Shame

Home > Mystery > Shame > Page 12
Shame Page 12

by Alan Russell


  “I went downstairs in the middle of the night, and I saw that he’d left his psychology textbook open. I sat and started reading about Dr. Harry Harlow and his awful experiments with rhesus monkeys.”

  “What kind of experiments?”

  “He deprived young monkeys of their mothers and set up all sorts of artificial mother substitutes, but Harlow’s mothers weren’t designed for love. They looked like something created in Dr. Frankenstein’s laboratory. These were mothers who shot jets of compressed air at the baby monkeys that tried desperately to cling to them, air that almost separated their fur from their skin; these were mothers that rocked violently, bucking the babies to the floor; these were mothers designed to reject their babies, pushing them away with mechanical spikes until the little monkeys dropped to the concrete.”

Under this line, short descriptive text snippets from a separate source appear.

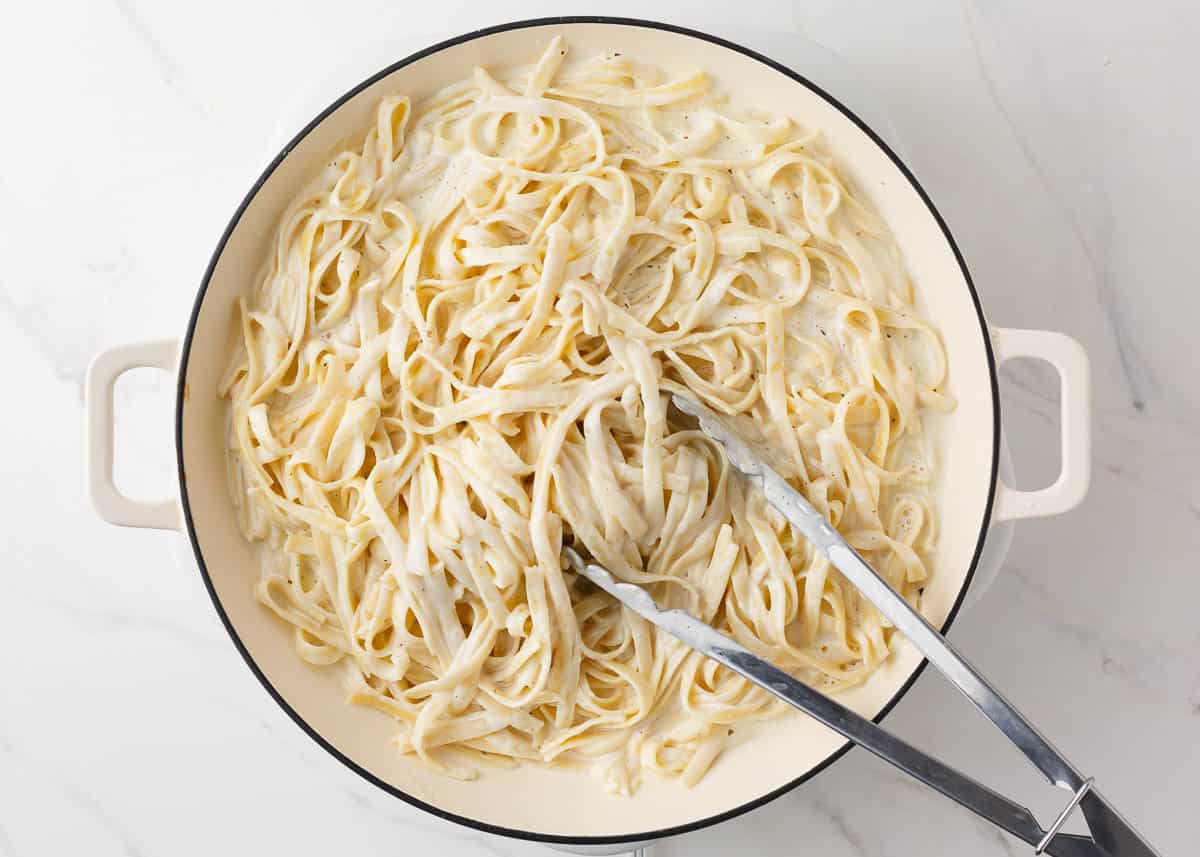 Fettuccini noodles tossed with alfredo sauce with cream cheese. 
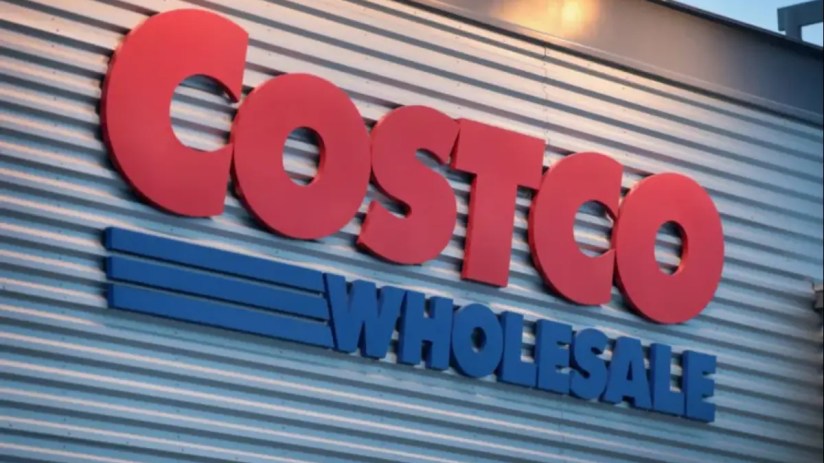 Costco storefront with customers entering and exiting, showcasing the bustling atmosphere of a popular retail warehouse chain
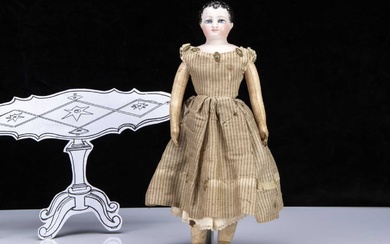 A late 19th century Petite French bisque shoulder-head doll
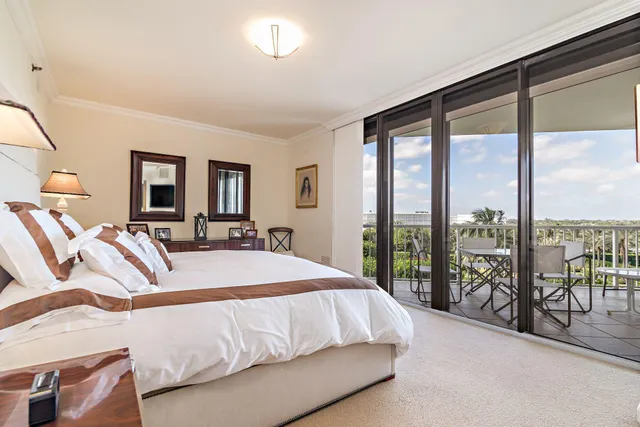 a bedroom with a large bed and a large window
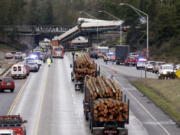 Logging trucks remain stopped just before where cars from an Amtrak train lay spilled onto Interstate 5 below alongside smashed vehicles as some train cars remain on the tracks above Monday, Dec. 18, 2017, in DuPont, Wash. The Amtrak train making the first-ever run along a faster new route hurtled off the overpass Monday near Tacoma and spilled some of its cars onto the highway below, killing some people, authorities said. Seventy-eight passengers and five crew members were aboard when the train moving at more than 80 mph derailed about 40 miles south of Seattle before 8 a.m., Amtrak said.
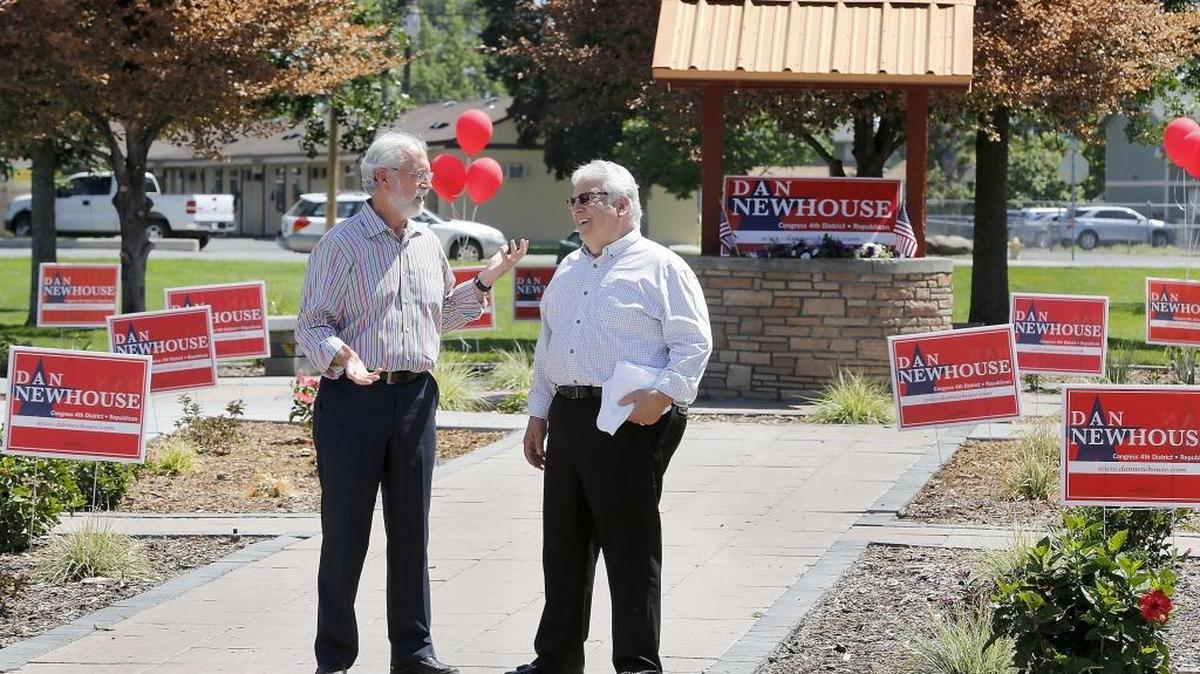 U.S. Rep. Dan Newhouse, R-Sunnyside, left, and Skip Novakovich, a retired Army lieutenant colonel, share a moment Monday during a re-election rally for Newhouse at Volunteer Park in Pasco. Newhouse used the event and another later in Richland to remind voters to turn in their ballots for next week’s state primary election day. Watch a video at tricityherald.com/video.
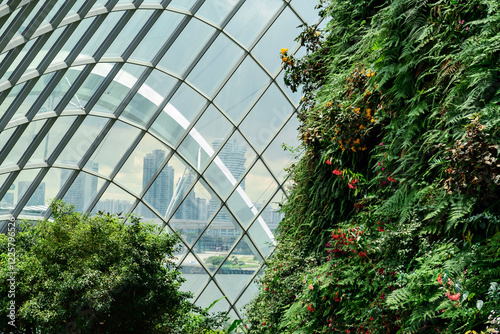 Canvas Print A lush vertical garden inside a modern glass greenhouse with a panoramic view of a futuristic city skyline through the geometric glass panels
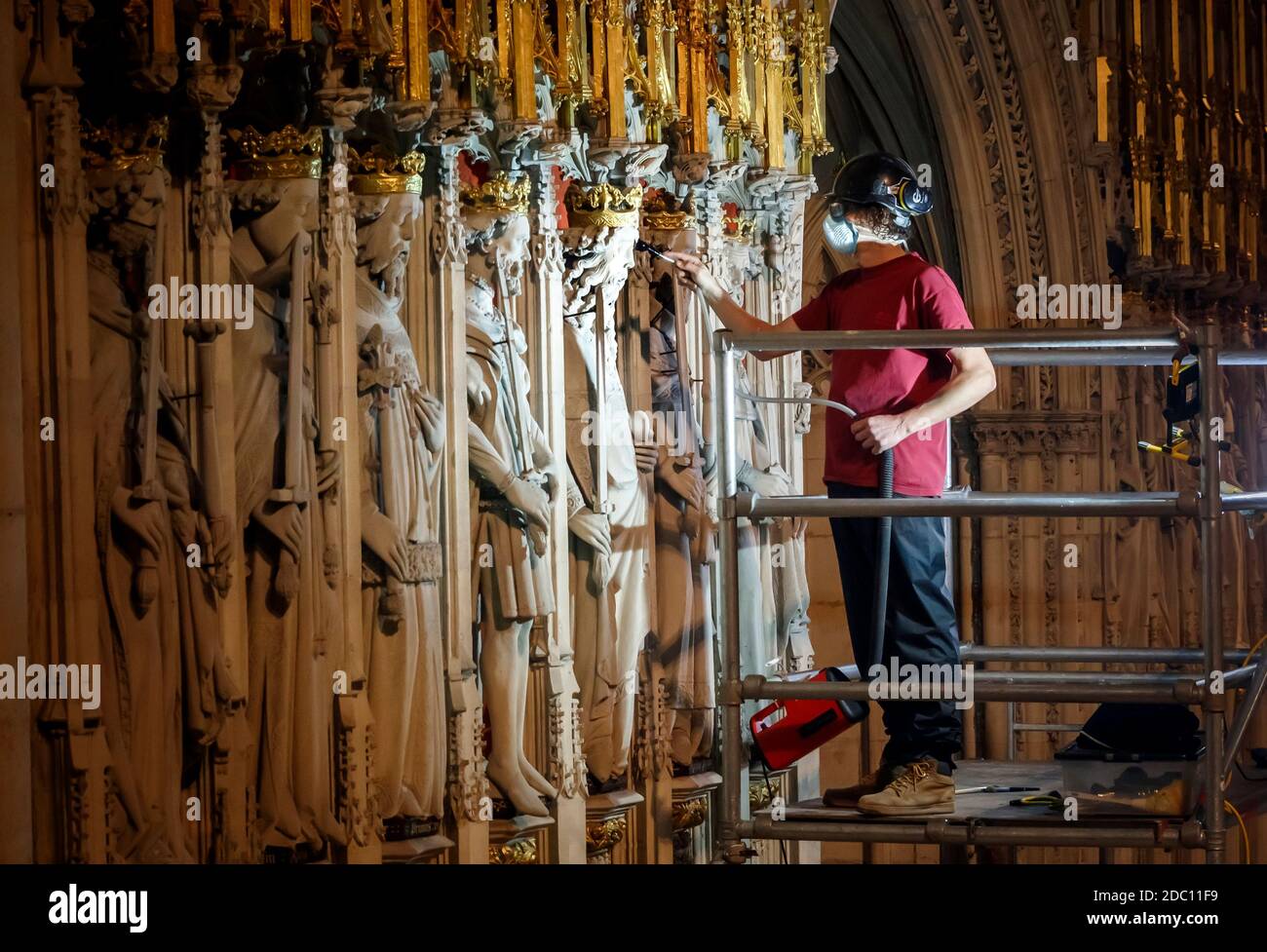 Lead Mason Conservator Lee Godfrey workers using museum grade vacuums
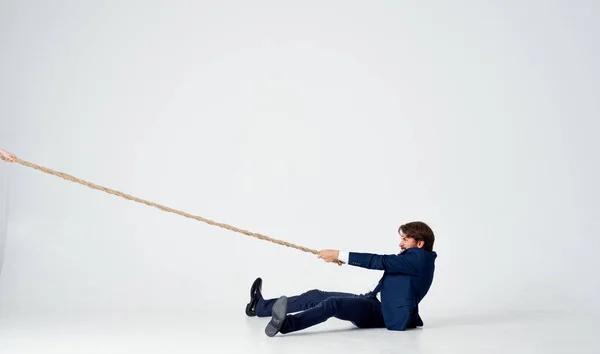 Business man in a suit pulls the rope emotions studio — Stock Photo, Image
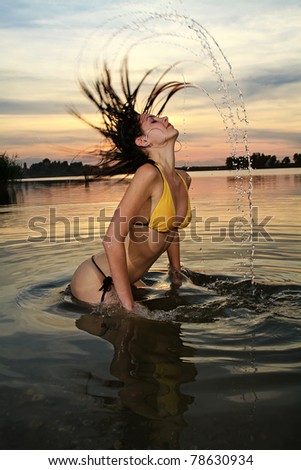 The beautiful bikini model posing against a setting sun on a body of water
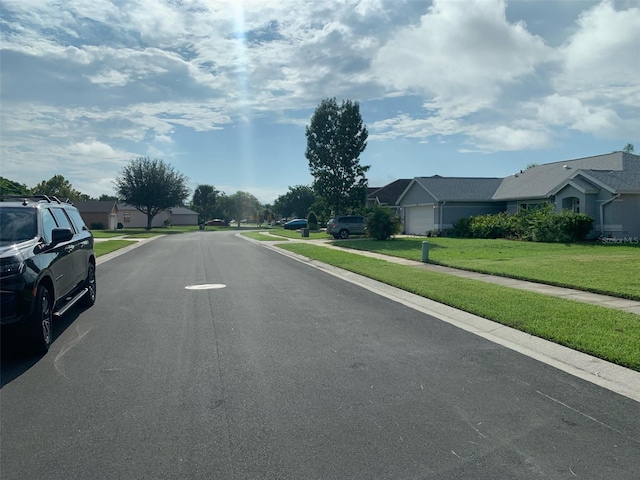 view of street featuring a residential view, curbs, and sidewalks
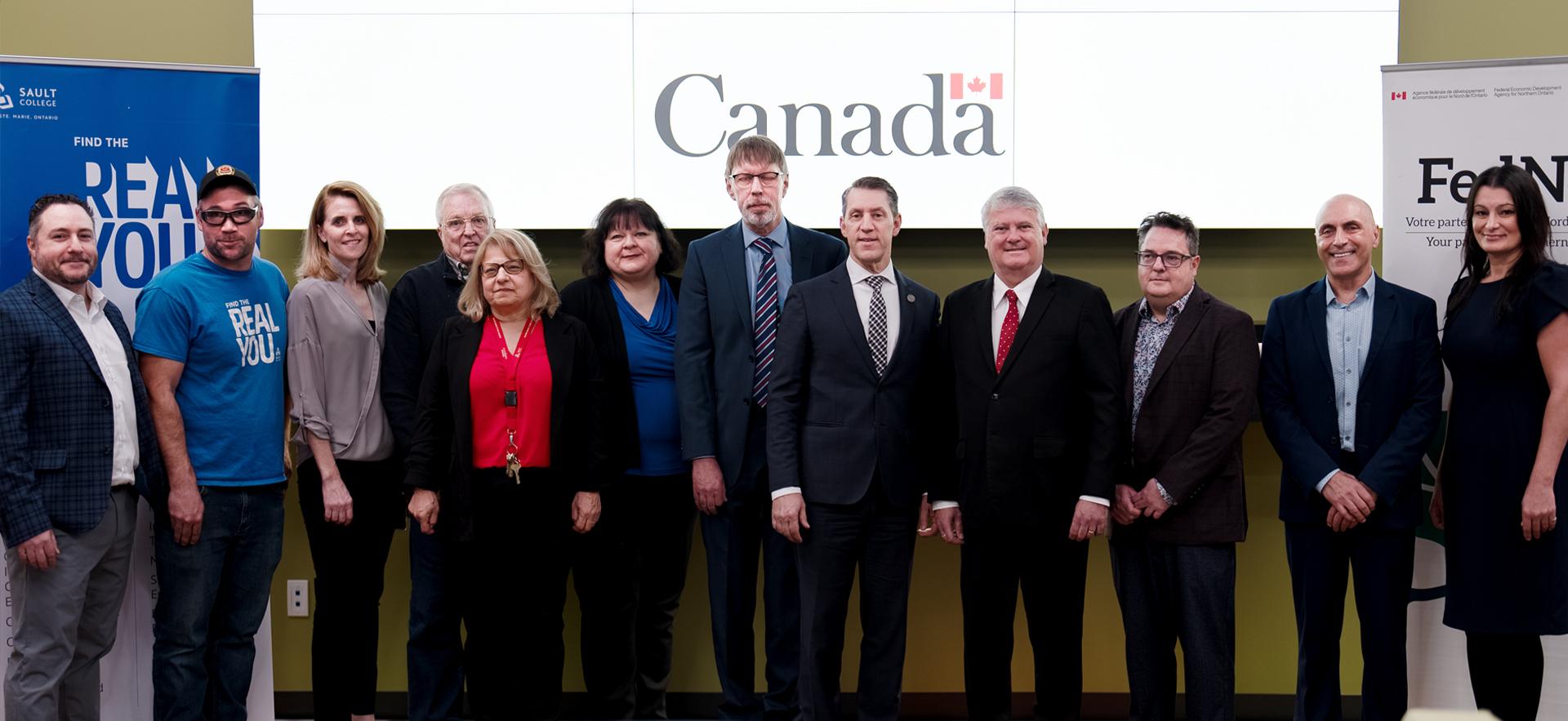 12 individuals standing in a row with the Government of Canada logo in the background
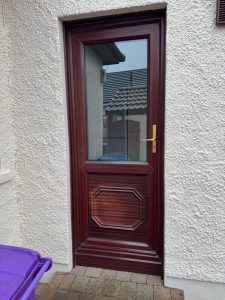 Old sun damaged rosewood upvc back door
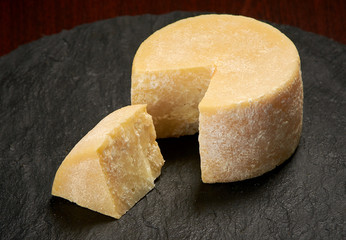 Old weathered cheese on a stone plate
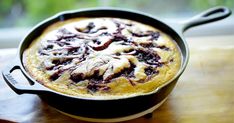 a skillet filled with food sitting on top of a wooden table next to a window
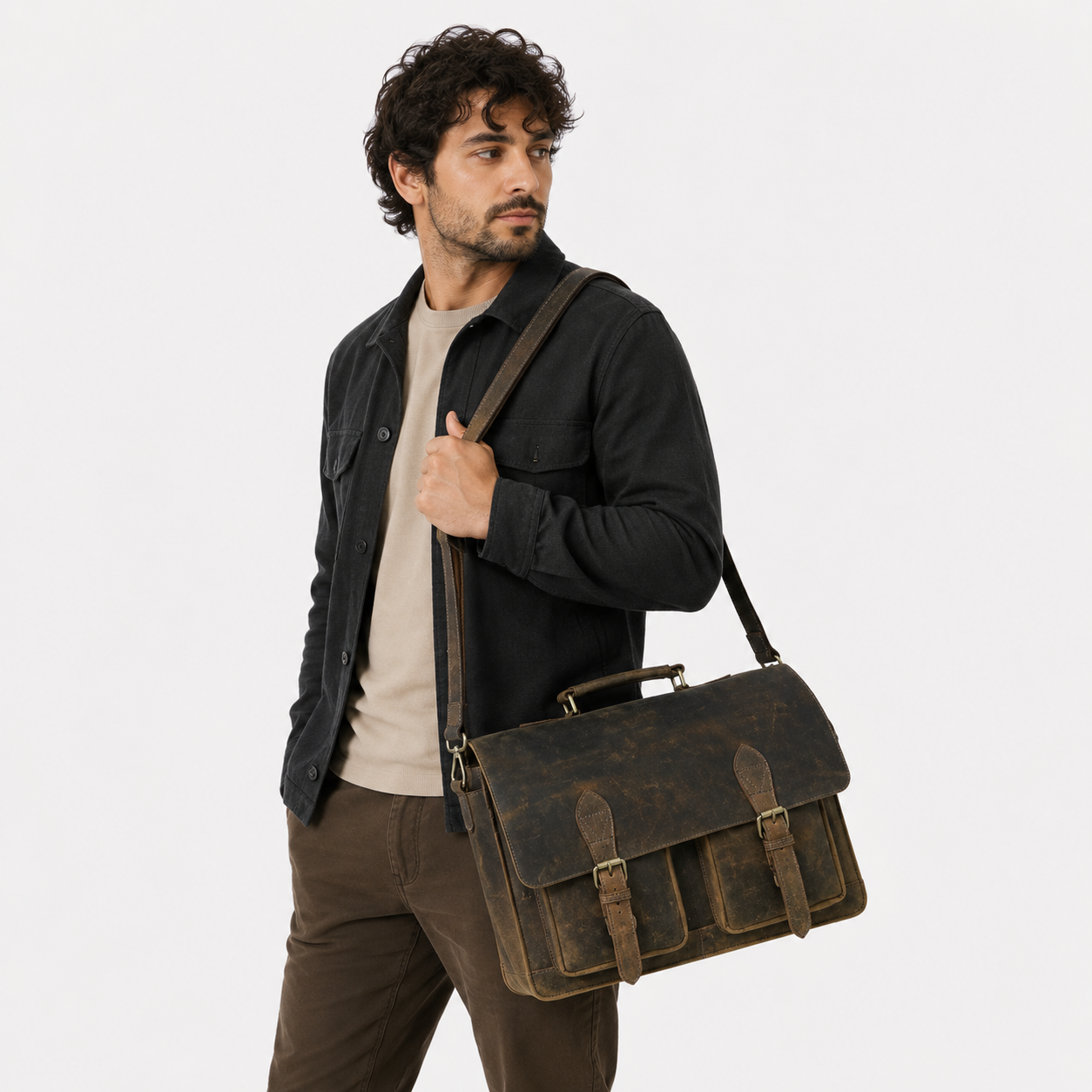 Professional carrying a handcrafted vintage leather messenger bag for business and travel.
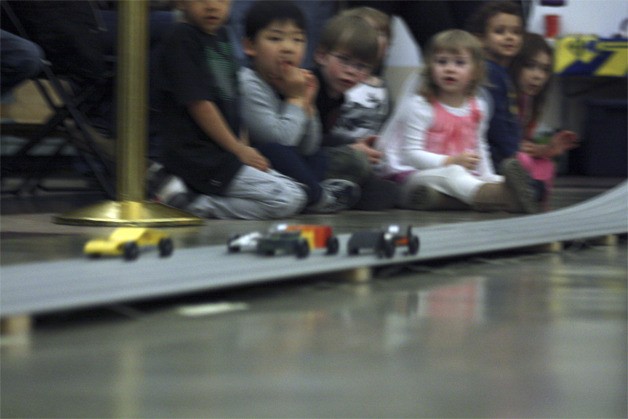 Youngsters look on as Pinewood Derby cars run in a heat.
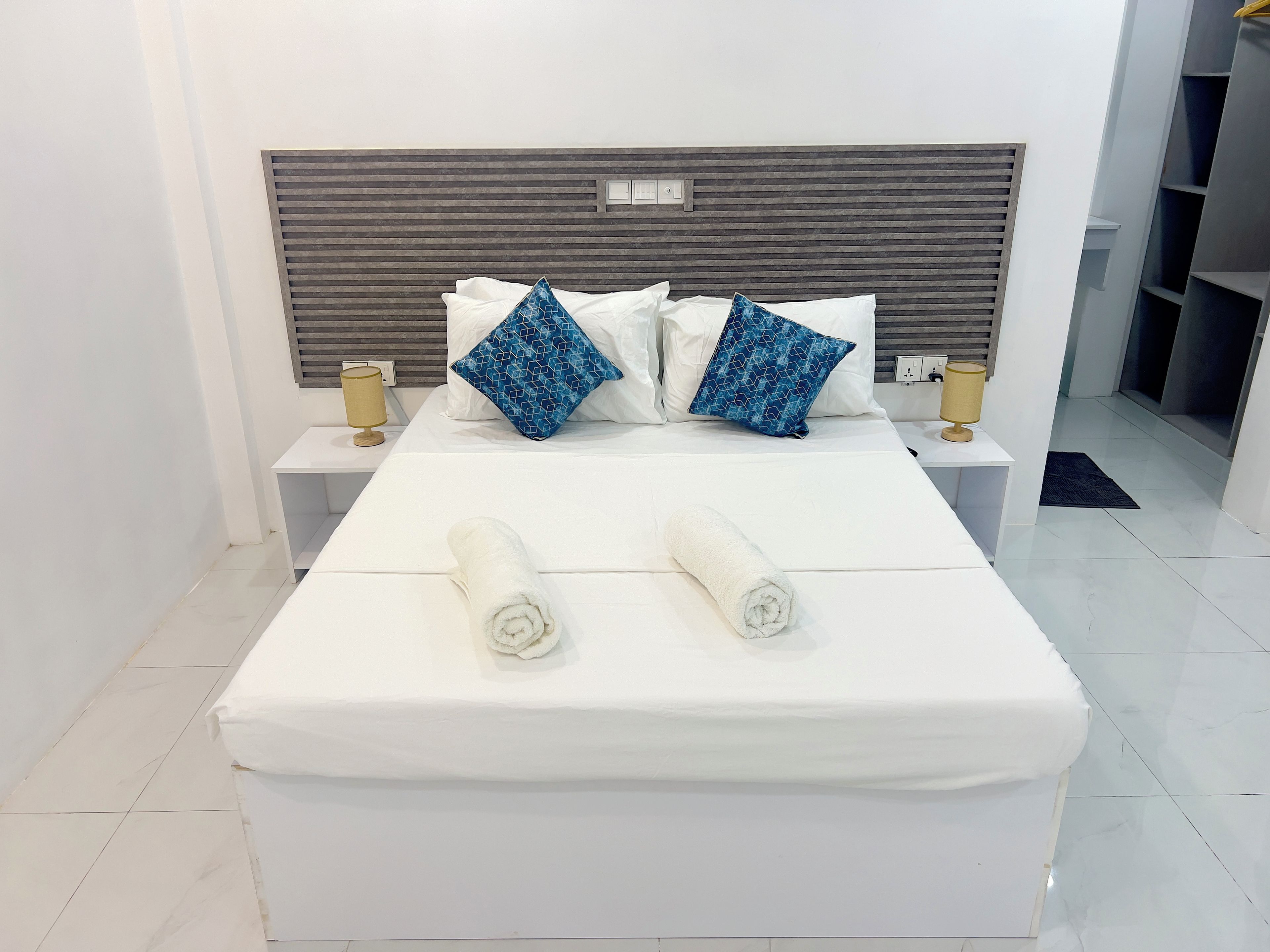 A neatly made bed with two pillows and two rolled towels, a bedside table with a lamp, and a headboard with a control panel.
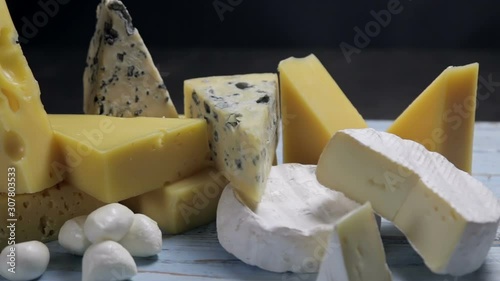 different varieties and types of cheese are on the table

  “What was the point of the experiments?”

  “I think it was to create monsters, because that’s what it did. The monkeys grew up to be very abnormal. They didn’t know how to be social. They attacked other monkeys for no reason, and they abused themselves. And when they became mothers, usually as a consequence of Harlow’s setting up a controlled rape, the results were tragic. Offspring were abused and killed.”

  Anna shook her head. “I’m a nurse. I’ve seen a lot of pain and suffering. But the pictures accompanying the text really got to me. Despite all the rejection, the young monkeys kept trying to go back to their artificial mothers. So great was their need for nurturing, they were willing to endure the source of their pain time and time again. I can still see their desperate faces. All they wanted was a little love.”

  “Did you ever talk about this with Caleb?”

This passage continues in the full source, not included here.